Künstler

CHI Peng

CHI Peng – „Traumserie“: „Kassel-Montage“, „19 Jun 1981“, „Fata Morgana“ (2012)

CHI Peng – geboren 1981 in Yantai, Provinz Shandong
© CHI Peng

Der aufstrebende Künstler CHI Peng legt in seinem künstlerischen Werk einen Fokus auf die Integration von multimedialen Technologien und verschmilzt mit ihrer Hilfe verschiedene Elemente – kulturelle Ikonen, Kindheitserinnerungen, soziale Mentalität – zu einem neue Sinnzusammenhänge stiftenden, ästhetisch ansprechenden Werk.

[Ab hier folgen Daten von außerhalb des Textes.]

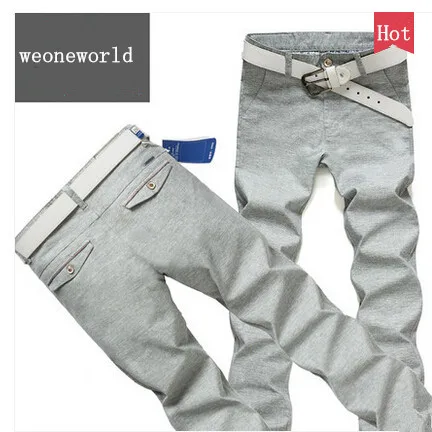Новое поступление, Летние Стильные мужские повседневные однотонные длинные льняные узкие брюки, модные облегающие хлопковые брюки - Цвет: 609 Shinning Gray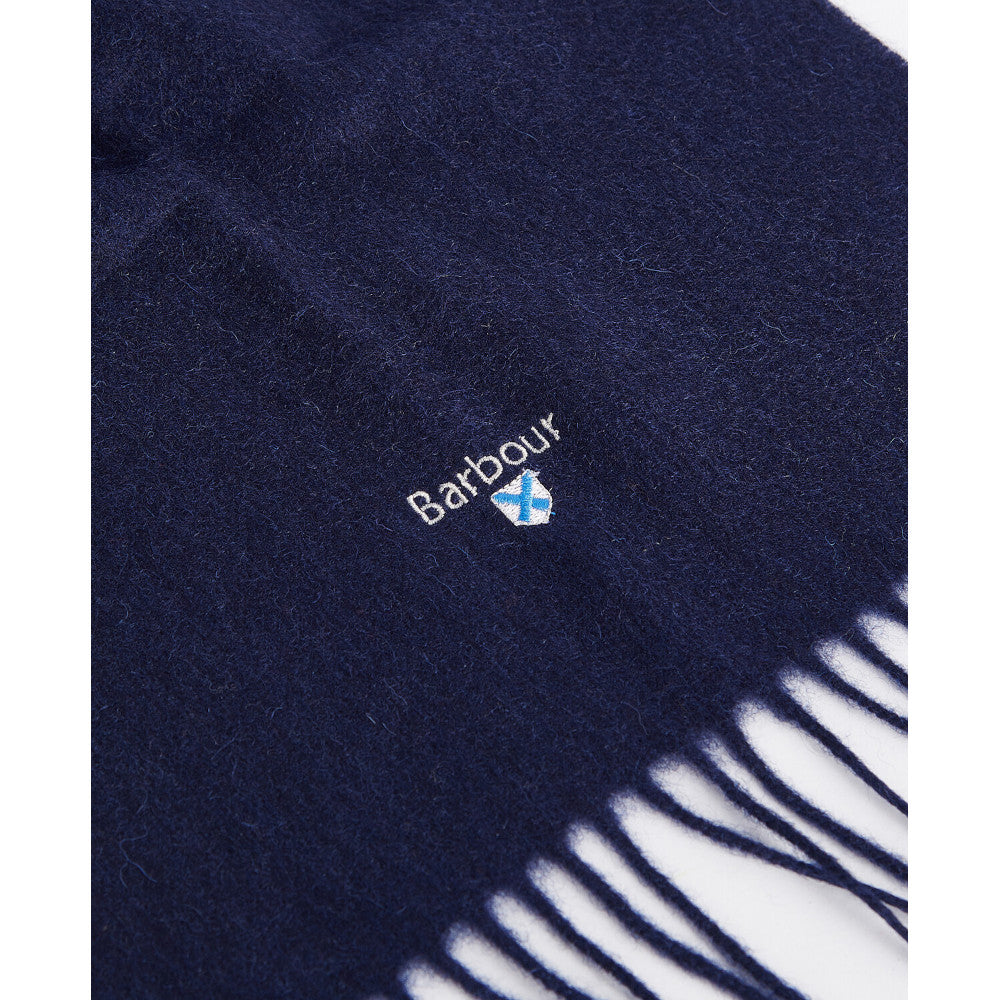 Barbour Plain Lambswool Navy Scarf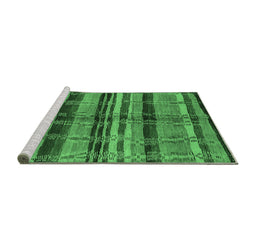 Sideview of Machine Washable Oriental Emerald Green Industrial Area Rugs, wshurb1303emgrn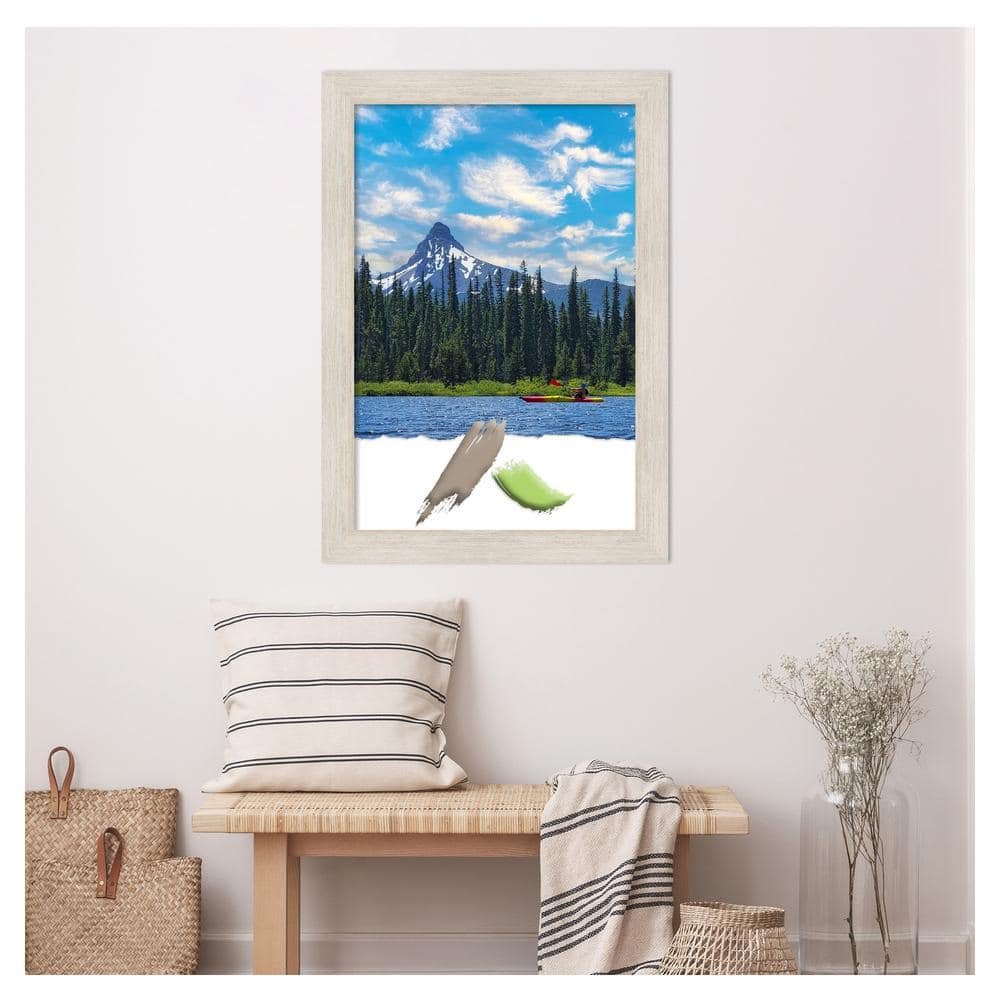 Hardwood White Wash 24x36 Inch Real Wood Picture Frame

CHI arbeitet  mit den Mitteln der visuellen Narration, die im Westen mit der Neuen Leipziger Schule erneut Einzug in die Kunst gehalten hat. Er bringt in seinen Kunstwerken sowohl literarische und mythologische, aber auch autobiographische und virtuelle Dimensionen zum Ausdruck, wie schon die Kunsthistorikerin Ulrike Münter festgestellt hat. Die urbane Realität Chinas, die Auswirkungen der Ein-Kind-Politik auf die Gesellschaft und auch das tabuisierte Thema Homosexualität werden vom Künstler aufgegriffen.

Mit seinem aktuellen Werk knüpft CHI an seine Serie von 2005 an. In „Mirage“ fliegen die libellenartigen Wesen über die Sonderwirtschaftszone Shenzhen, während sie in der Serie „East-West“ bereits am Brandenburger Tor angekommen sind. In „Kassel-Montage“ haben sie nun schließlich auch den Kasseler Luftraum erobert.